Dave: It’s just a desire to make people laugh. Not “Oh love me, accept me”, I don’t really give a shit about that. I just know that I have the ability to make strangers laugh and I enjoy that challenge.
Joe: I don’t really relate to that. I do comedy because I love creative writing and I enjoy hanging out with funny people. I don’t really do it because I have issues. Often I’m the kind of person who would be just as happy to NOT get in front of 100 strangers. Sometimes I have to force myself into that performance mode.
So comedy is like a sport for you guys?
Dave: I’d say so.
T.J.: I enjoy it that way too but I know there were specific times when I was definitely “working through” something. I didn’t necessarily write material about what I was dealing with but there were certainly things going on in my personal life that made me feel like it would be really good for me to get up on stage and still be able to do this. Just in the midst of whatever crap was going on. In that sense, I don’t know if comedy saved my life but there are times when that kind of experience with an audience helped me on a personal level.
Dave: And I will say this…in a mild mannered way….comedy did save my life in the sense that I spent my whole life up until this point trying to figure out what the hell I wanted to do. I wasn’t passionate about anything. Success or not, I know what I’m doing for the rest of my days.
Along the same lines, Jerry Seinfeld says that you have to be extremely irritated with just about everything in order to be great at comedy. Do you feel there is any truth in that?
Dave: Oh yeah, you’ve got to have opinions.
Andy: You’ve got to be able to not just go “Ahhh …that sucks”, you have to look into it and make it funny.
Dave: You don’t ever accept anything. Like “Well…that’s just the way things are”, you have to say “I disagree with that and I’m gonna talk about it.”
T.J.: I would amend that to say that you at least have to understand why everything could be irritating. I’m not exactly irritated by everything, but I can appreciate what irritates other people.
Living or Dead…..best beard ever?
Dave: Oh, well….Robert E. Lee had a pretty badass beard. Mine’s kinda the confederate type beard.
T.J.: How bout never living? I think Yosemite Sam’s was pretty cool. Not exactly a beard, more like muttonchops, stops at the chin but still pretty sweet.
Andy: Mine’s more local. Jeff from the Star Bar here in Atlanta that runs the karaoke, his is pretty awesome.
Joe: I’m gonna go mythical and say Gandalf the Grey.
T.J.: My B. answer is Demi Moore for marrying Ashton Kutcher. Best beard EVER.
Dave’s done hysterical bits about his days as a radio DJ in Athens. What are some other jobs you guys held before going into comedy full time?
Dave: I also owned a landscaping company right before doing this.
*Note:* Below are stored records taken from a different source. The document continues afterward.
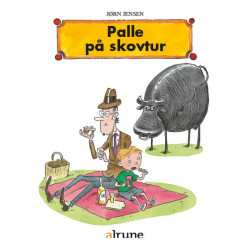 Palle på Skovtur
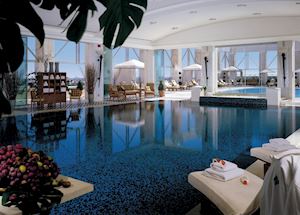 The Four Seasons Hotel, Amman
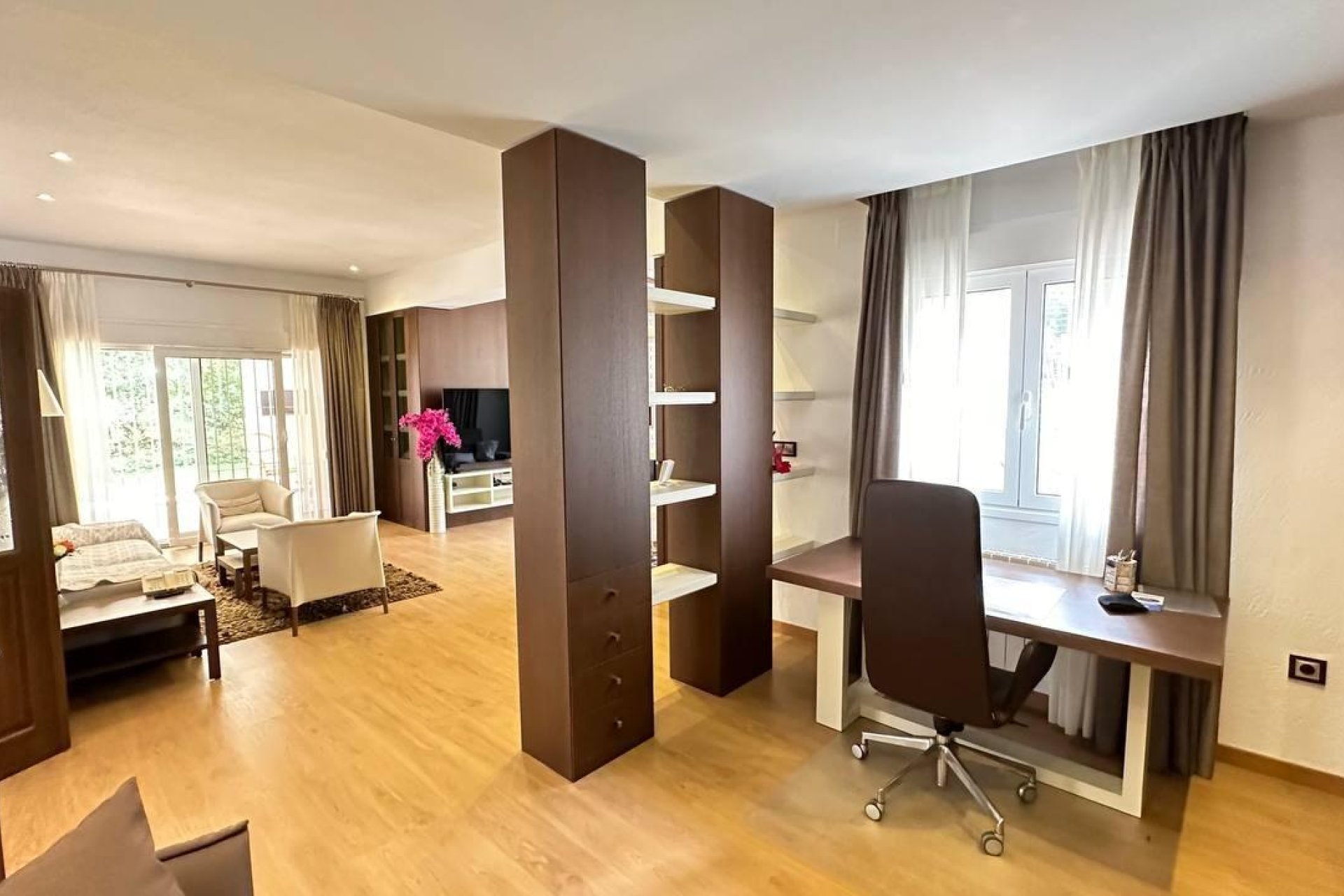 Használt Ingatlanok - Villa -
Orihuela Costa - Campoamor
Andy: I was a legal courier and I used to valet cars and shit, just random crap that I didn’t care about.
T.J.: I was and still am a graphic designer.
Joe: Most recently, through Americorps, I helped start a coffee shop for Habitat for Humanity. Before that, I was going to be a pro golfer. I was hardcore college golf but once I got out, decided I wanted to do something more creative.
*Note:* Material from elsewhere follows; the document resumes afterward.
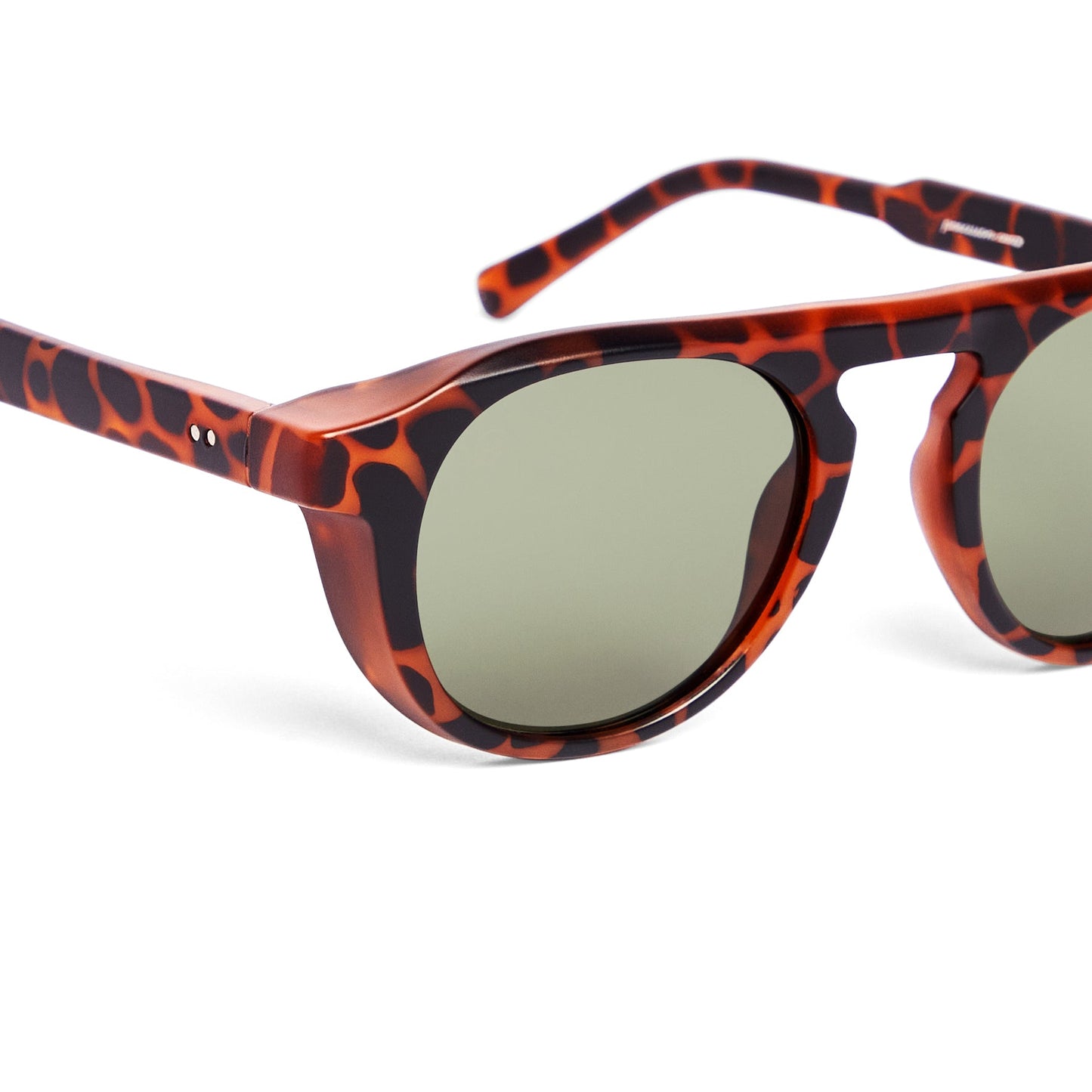 Lunettes Champlain - Style durable pour tous les visages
Dave, tonight during your introduction they said you were going to be on a couple of episodes of Squidbillies next season. Do you know the names of those episodes so we can be on the lookout?
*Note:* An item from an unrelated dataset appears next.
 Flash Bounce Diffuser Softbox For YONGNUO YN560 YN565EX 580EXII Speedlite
Dave: No, I sure don’t, not yet but I play a recurring character in two episodes named Barack Liberty Bell. He’s a right wing, radio disc jockey.
Is stand up something you think you’ll always want to do?
Andy: Oh yeah, I think all of our approach is “Well, were going to make this work” because we have to.
Dave: I’ll do comedy for the rest of my life even if I never make another dollar at it. I’m not doing anything else. It’s either this or being homeless.
Joe: Yes, stand up is something I’ll always want to do but I don’t know if I’ll always want to do “the road”. Like if I’m 45 and I’ve got a wife and children, I’ll probably yearn to do stand up but I doubt I’ll want to jump on a plane to Aspen to do a weekend. At high altitudes, I tend to get dizzy ya know?